What inspires and informs your style?
Personally, I feel it’s really hard to be separated from the style of the country you grew up in without incorporating that particular style to your home. I’m always drawn to Australian design, but there are snippets in the house that dip into Scandinavian style, like the string shelving, for that minimalist Scandi look. Predominantly, my style leans towards Australian design.
How do you keep your personal style compatible with a kid-friendly home?
When it comes to decorating homes and having a family, people sometimes feel that the two live in separate universes. But I don’t come from that school of thought. I feel that most successful interiors are the most genuine and authentic. So if your style is to use pale rugs or something like that, then you should go for it while teaching your children to not mess things up and be respectful of their surroundings.
Can you let us in on where you source your pieces?

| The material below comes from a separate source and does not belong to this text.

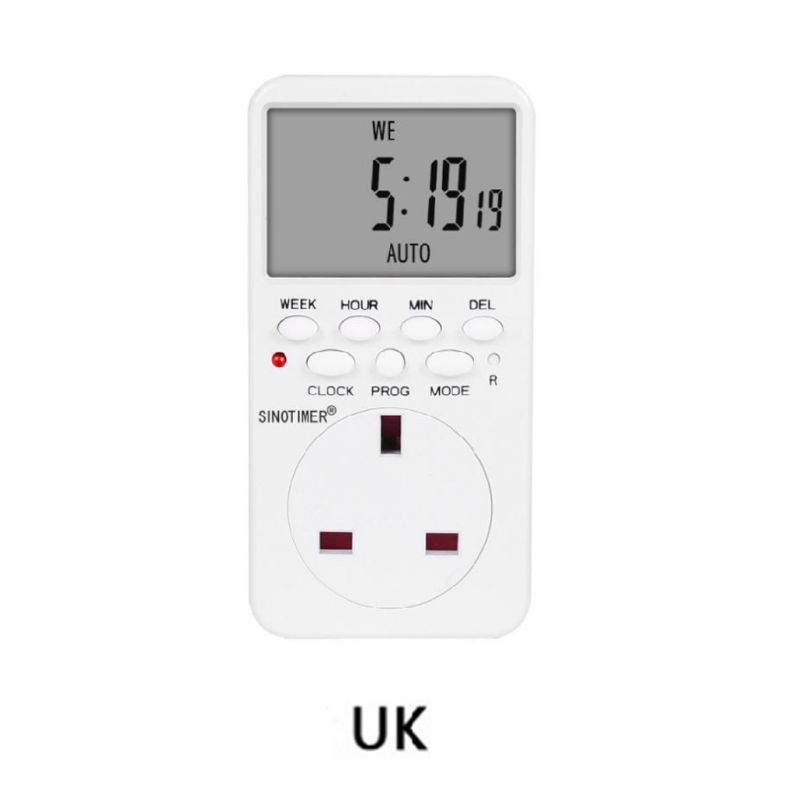 Electronic Digital Timer Socket 230V AC LCD Display Time Relay Switch Control Program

There are loads of pieces you still can’t get in Singapore, like the classic Thonet cafe chairs (produced by TON) for the dining room. Grafunkt has started to stock a small range here, but I’ve sourced mine from Australia. When I make a decision to invest in pieces and the items are not available here, I make the purchase in Australia and have them shipped here. Same goes for all of my artworks, as the artists I follow are mostly Australians.
What do you look out for when shopping for interiors and art?
People should be looking out for what they need, especially in a design that they find truly beautiful. You need to try marry those two things together because you want function to meet style. Also be mindful of scale and proportion, making sure that you have space to accommodate the objects that you’re buying for your home. My advice: Mark things out and be patient. I waited until I was satisfied before making purchasing the dining table. Same goes for art: I put tape on the walls, wait and visualise.
What are your favourite pieces in the house?
The artworks. I do love that owl piece [in the living room]. It’s carved paper, so when you get up close to it, you can see that the artist has carved his paint into it and carved the paper to create texture within the painting. It’s kind of remarkable and beautiful.
I also love the Normann Copenhagen lights in the dining room. They are quite a new purchase, so I’m in love with them and I love their whiteness. I do really love a kind of calming white aesthetic, so living in a black and white house is really good for me. But despite a clean white palette, I don’t mind a bit of colour — you’ll see this in the study, where I’ve got little pops of colour!